Je reçois un couple âgé. Dès que je parle de montants en euros, par exemple, pour un impôt ou une provision sur frais, Madame dit à Monsieur : cela fait trois Chinois ou cela fait six Chinois. Je leur demande ce que viennent faire les Chinois dans notre rendez-vous. Madame m’explique : « vous savez avec les anciens francs, les nouveaux francs, les euros, mon mari ne s’y retrouve pas. Nous avons un appartement loué à un Chinois depuis des décennies, donc son loyer mensuel est notre référence d’unité » !

Ou encore, nous devions signer un acte et la provision sur frais n’arrive toujours pas. Je contacte la cliente, pourtant très motivée, à réaliser l’acte au profit de sa fille. « Oh excusez-moi, mon cher Maître, j’avais bien prévu de vous verser l’argent mais, entre-temps, je me suis dit que cela serait mieux que ma fille se refasse faire la poitrine ; donc nous reviendrons un peu plus tard pour signer l’acte ».
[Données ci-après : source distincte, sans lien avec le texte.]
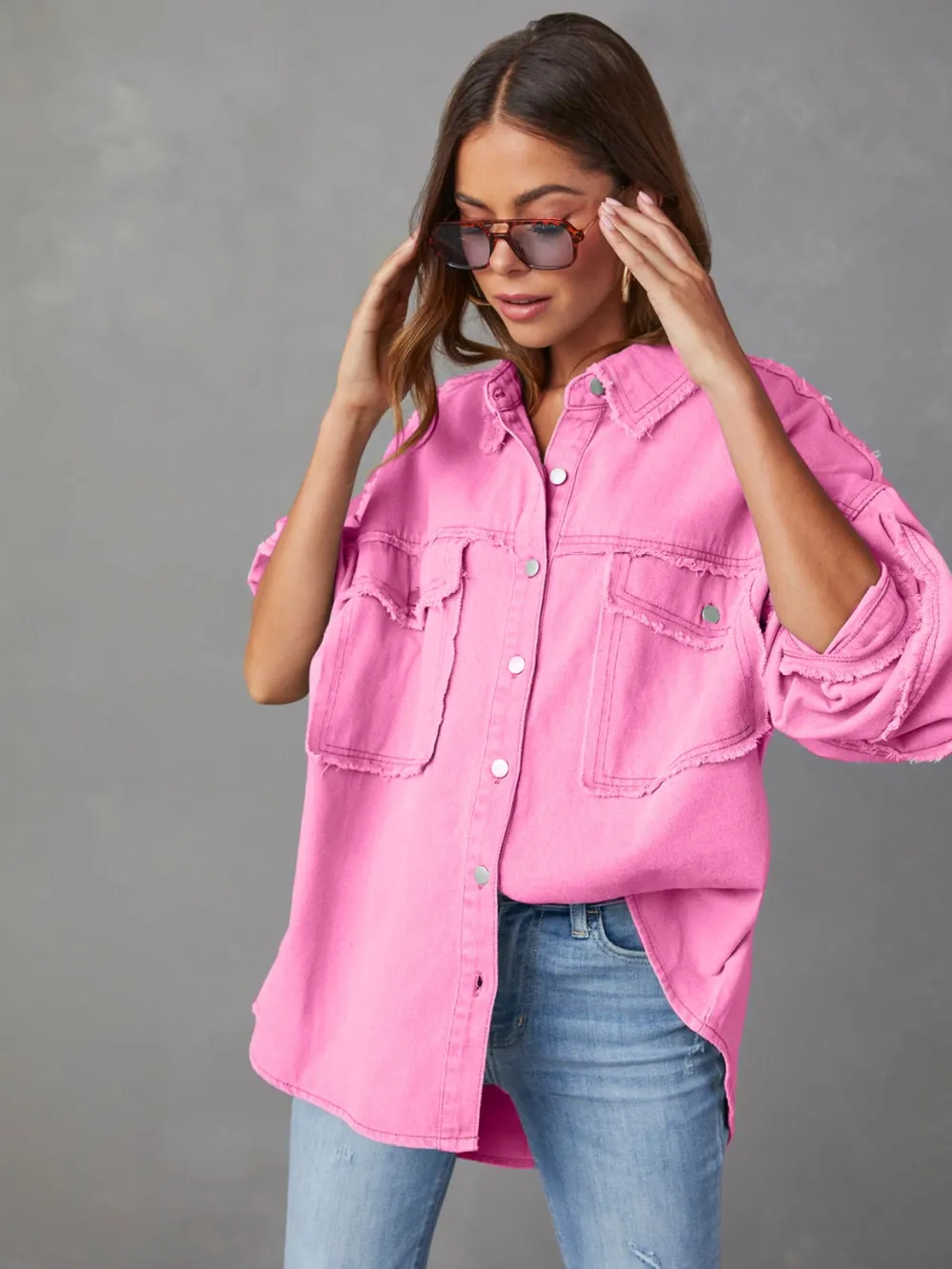 Dropped Shoulder Raw Hem Jacket, image 3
Notre métier est difficile parce que nous sommes dans la profondeur des âmes humaines chargées de bonté, de générosité, mais encore de ténèbres, jalousies, méchancetés… Et nous faisons le lien avec la technique pure, aride, sèche, souvent inutilement compliquée, car écrite par un législateur pas toujours à l’aise avec les concepts. Prenons la fiscalité d’une plus-value immobilière réalisée via une société : IS de droit commun, IS des titres de participations, plus-value professionnelle (court terme ou long terme), plus-value immobilière des particuliers (avec deux sous-régimes), plus-values immobilières des droits sociaux ? Sauf à être un avocat fiscaliste pointu sur le sujet ou sauf à avoir Le Patrimonio (fiche 47 !), la réponse est particulièrement ardue avec tant de cas à envisager.

 

Le Patrimonio se vend très bien, mais qui l’achète ?
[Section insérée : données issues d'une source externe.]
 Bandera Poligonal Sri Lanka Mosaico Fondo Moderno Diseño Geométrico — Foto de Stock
Dans ma petite tête, je me disais que cela pourrait intéresser les gros acteurs du conseil patrimonial. Quand je suis venu, avec ma petite sacoche, présenter mon ouvrage, certains grands acteurs m’ont fait confiance tout de suite. D’autres m’ont rétorqué qu’ils étaient seulement des vendeurs… Souvent l’argument avancé était que le conseil était une perte de temps et d’énergie. Je ne le crois pas, mais chacun peut avoir son analyse.

Par contre, le succès des ventes de mon livre vient des CGP du quotidien, en contact direct avec les clients qui veulent une réponse rapide, fiable mais surtout pédagogique. Ce sont d’ailleurs eux qui me sollicitent le plus au quotidien pour le conseil.